Fire investigators on Maui have determined the cause of a blaze that destroyed a $127,000 home last month -- a short-circuit in the homeowner's newly installed fire prevention alarm system. "This is even worse than last year," said the distraught homeowner, "when someone broke in and stole my new security system..."

Police in Los Angeles had good luck with a robbery suspect who just couldn't control himself during a ID parade. When detectives asked each man in the lineup to repeat the words, "Give me all your money or I'll shoot," the man shouted, "That's not what I said!"...

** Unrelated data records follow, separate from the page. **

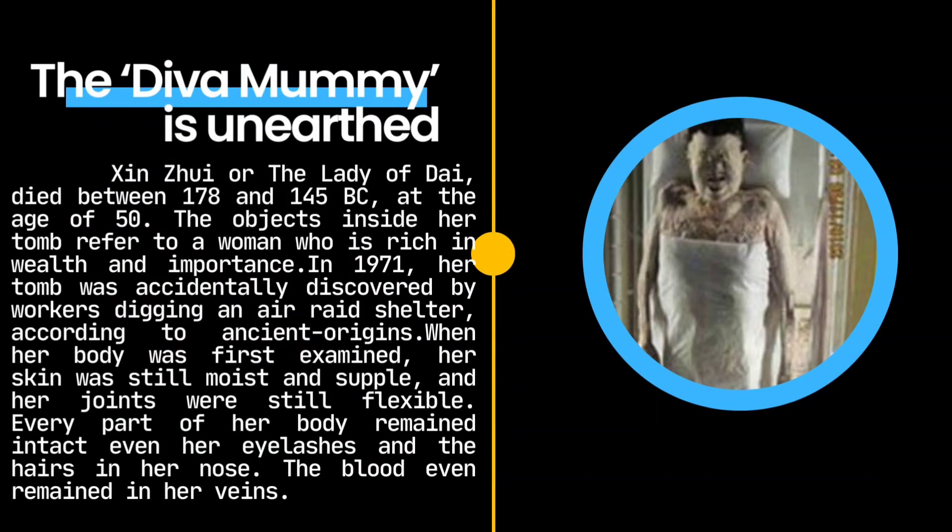Xin Zhui, or the Lady of Dai, died between 178 and 145 BCE at the age of 50. The objects inside her tomb refer to a woman rich in wealth and importance. In 1971, her tomb was accidentally discovered by workers digging an air raid shelter, according to Ancient Origins.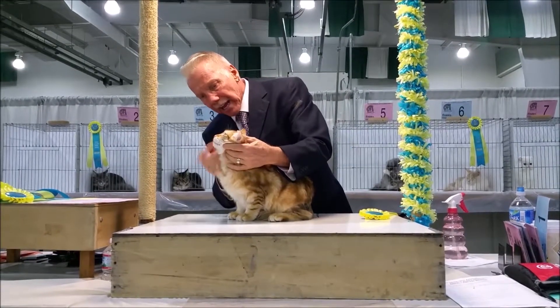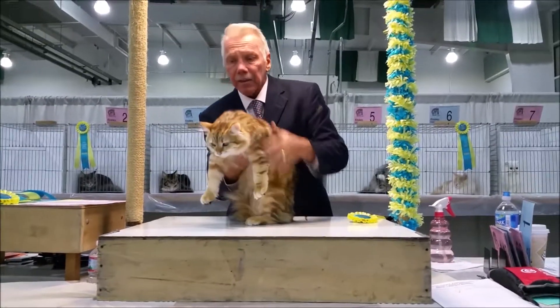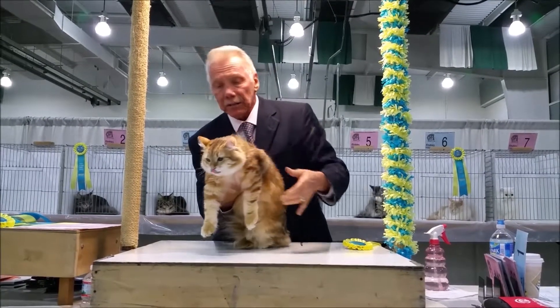Roundness to that head, nice profile, it goes back, nice strong chin, eyes on top of that — beautiful eyes. Ears almost on top of the head.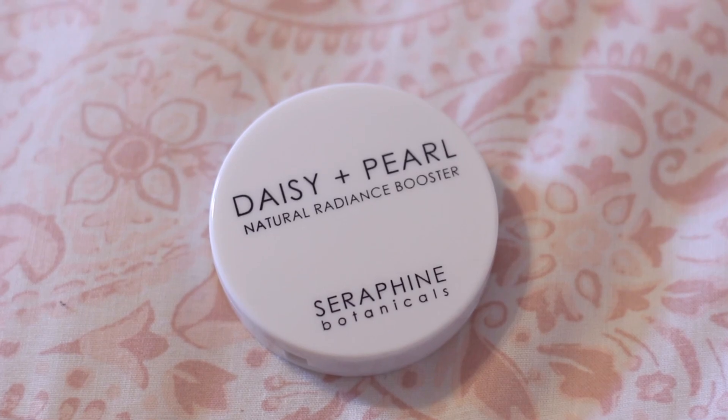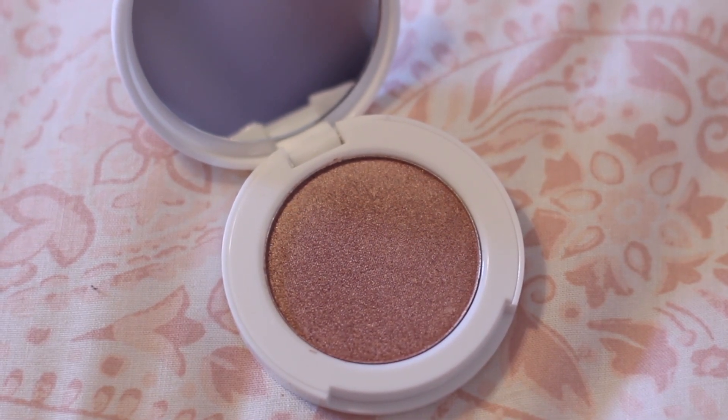Now onto what's inside. The first item is by Seraphine Botanicals — it's a Natural Radiance Booster in the color Daisy and Pearl. It comes in a little circle packaging and it is a gorgeous rose gold shimmery highlight. I'm not sure if it's meant to be a blush or highlighter, but it's absolutely gorgeous. I'll probably use it more as a blush since it might be a little too dark as a highlighter for my skin. It's vegan, gluten-free, and GMO-free, which I think is pretty cool. I'm excited to try this out.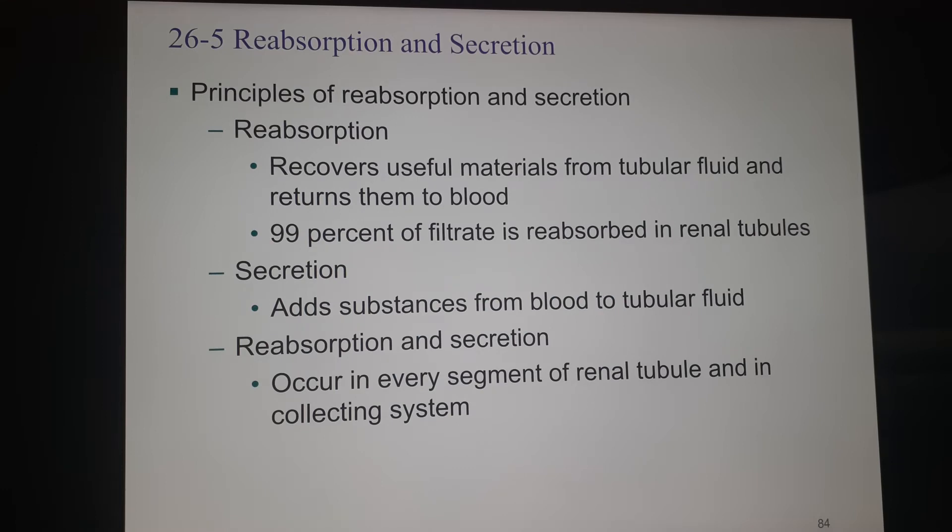The principles of reabsorption and secretion: reabsorption takes up all useful materials that have escaped into the filtrate and returns them to the bloodstream — 99% of the filtrate is reabsorbed, so we're only really getting rid of 1% of what goes through the kidney. Secretion is taking substances out of the blood and putting them purposefully into the tubular fluid, which becomes urine. We use both processes in every segment of the renal tubule and collecting system, adding things and taking things away from the filtrate all the way until it enters the minor calyx.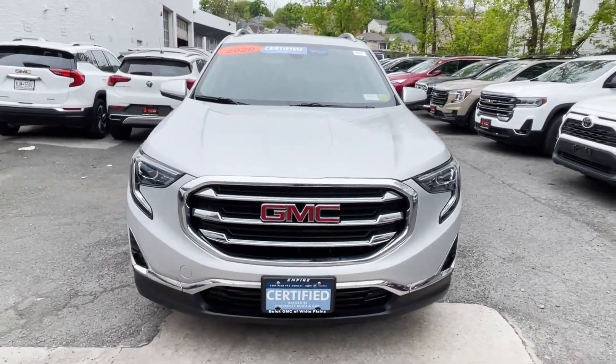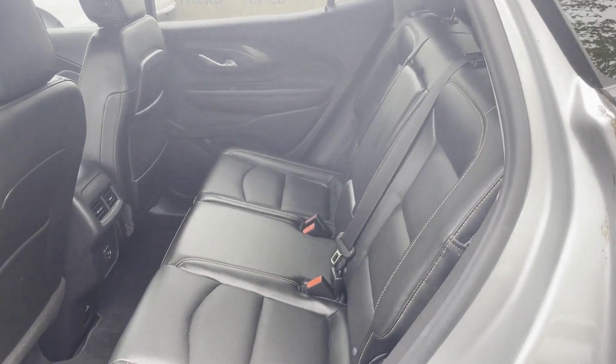Bluetooth. Keyless Start. Power Outlet. Auto Climate Control. Keyless Entry.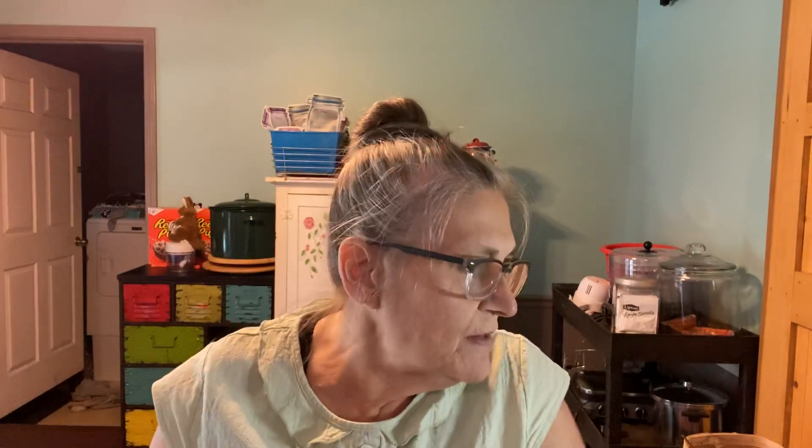Then I got this grater or shredder. It was $2, and it's by Farberware. I don't have one — I had one, but it got a little bit rusty so I threw it away, and I'm happy to have found that.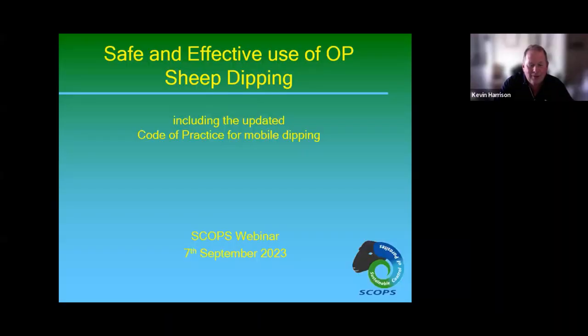Some housekeeping: we have two boxes at the bottom — chat and Q&A. If you have questions for the panelists, we'll pick them up as we go and do most at the end. If you're here to gain AMTRA and ROSA points, please put your number in the chat so Joe can record them, and we'll ask you to put them in again towards the end to confirm you've been here all the way through.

A man spoke frantically into the phone: "My wife is pregnant and her contractions are only two minutes apart!" "Is this her first child?" the doctor asked. "No, you idiot!" the man shouted. "This is her husband!"...

In Modesto, CA, Steven Richard King was arrested for trying to hold up a Bank of America branch without a weapon. King used a thumb and a finger to simulate a gun, but unfortunately, he failed to keep his hand in his pocket...

During the heat of the space race in the 1960s, in the United States NASA decided it needed a ball point pen to write in the zero gravity confines of its space capsules. After considerable research and development, the Astronaut Pen was developed at a cost of approximately $1 million. The pen worked and also enjoyed some modest success as a novelty item back here on earth. The Soviet Union, faced with the same problem, used a pencil.
Seen in a guidebook about Malta:
Although every care has been taken, we do not accept responsibility for inoccuracies.
Notice seen in a Belgian booking office:
"Hand your baggage to us. We will send it in all directions."
Notice in a Spanish hotel:
It is forbidden to steal hotel towels please. If you are not person to do such is please not to read this notice.
Seen in Milan hotel:
Do not adjust your light hangar. If you wish to have it off, the manageress will oblige you.
Notice in an Austrian hotel:
In case of fire, please do your utmost to alarm hall porter.
English instructions on a food packet:
To do what: Besmear a backing-pan, previously buttered with a good tomato sauce and after, dispose Canneloni, lightly distanced between them in a only couch.
Rag Mag Stuff (cont):
(As in: "Do you like Dickens?" "I don't know, I've never been to one")
"Well then, do you like Kipling?"
"I don't know, I've never kippled."
"OK, how about a Trolloppe?"
"Now you're talking...."
"Jimmy, just pop across the street and find out how old Mrs. Brown is this morning."
Jimmy comes back two minutes later: "She says it's none of your business how old she is!"